Online apps facing barrage of attacks
The proliferation of online applications and services is exposing users to security vulnerabilities that will be much harder to plug than those in traditional applications.

Online applications can suffer from a raft of vulnerabilities that allow attackers to steal confidential data from a server or the computer of a user that contacts the service.

The most prevalent examples of such attacks are cross site scripting (XSS) and SQL injection.

An SQL injection attack involves sending instructions to a database for a bank or shop by entering commands into online forms.

In an XSS attack, hackers submit JavaScript or other code to a website such as Gmail, MySpace or Digg. The code is then executed on the computer of each individual who visits the site.

The main problem lies in the large amount of custom code used to construct such applications, according to Caleb Sima, chief technology officer and co-founder of Spi Dynamics, a company specialising in web application security. 

Software vendors traditionally repair security vulnerabilities by issuing a patch to all their users, and a single Windows or Mac OS X update will protect millions of users within days.

But website operators have to manually detect and plug each vulnerability in their web application.

"Microsoft cannot come out with something that will solve all SQL injections," Sima told vnunet.com in an interview at the RSA Conference in San Francisco.

He claimed that Spi Dynamics has a 99 percent success rate in breaching the security of its clients' online applications.

"It is not the technology that is the problem. It is the implementation of the technology," he said. "People just take it and implement it without knowing what they are doing."

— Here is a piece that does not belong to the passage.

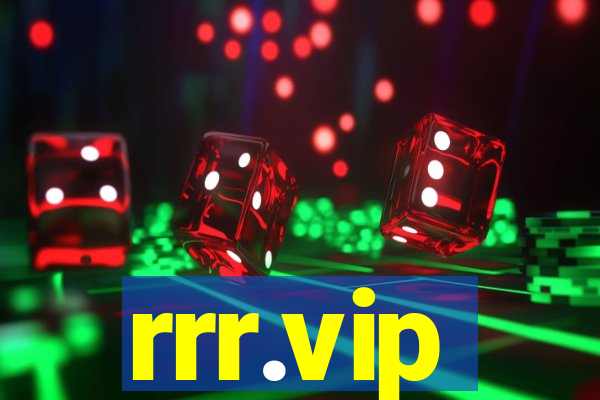 rrr.vip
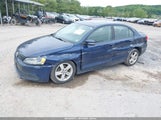 VOLKSWAGEN JETTA 2.0L TDI 3VWLL7AJ1CM394773 снимка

Attacks against Internet applications can be prevented if the applications validate the code entered in online forms.

This ensures that attackers cannot insert commands such as single quotes and other strings that the database interprets as a command. But this is a mostly manual task.

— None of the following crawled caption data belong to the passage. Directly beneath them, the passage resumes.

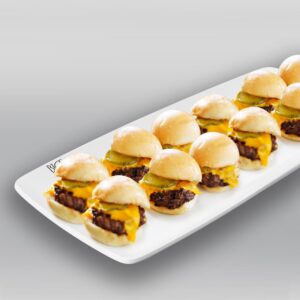 Mini Burgers Bice (12)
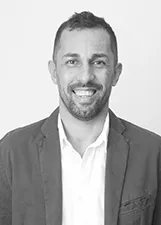 RONI ALEXANDRE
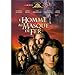Les meilleurs films de Polux Granger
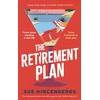 KNYGA Bookshop Retirement Plan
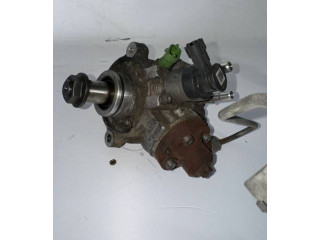 Топливный насос 0445010706, G4D39B395AA Jaguar XF - года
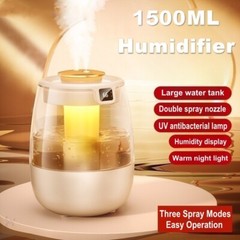 Aroma Fragrance Scent Machine Essential Oil Diffuser For Hotel Home Bedroom
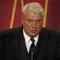 E' morto Don Nelson, il coach da record aveva 86 anni E' morto Don Nelson, il coach da record aveva 86 anni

Development frameworks such as Google's Web Toolkit, the open source Dojo project or Microsoft's ASP.Net Ajax 1.0 suite can provide some respite because they provide pre-built code that performs custom functions.  

Some tools also offer code-scanning features that warn developers when they leave common vulnerabilities in their code, but these will not prevent all SQL injection or XSS attacks.

The code for the online software is hosted on a company server, allowing developers to provide users with new features as soon as they have developed the code.

This leads to pressure from marketing and sales to quickly release new versions without first undergoing the proper security checks.

Sima is not entirely pessimistic, however, because IT executives are starting to pay more attention to the security of online applications.

But he warned that attackers are bound to turn their attention to new technologies in online applications such as the XML Path Language used to access portions of an XML document.

This could include a customer database or other confidential information.

"Because Web services are more widely used, we will see a lot more Web applications becoming vulnerable to Xpath injection by the end of this year," said Sima.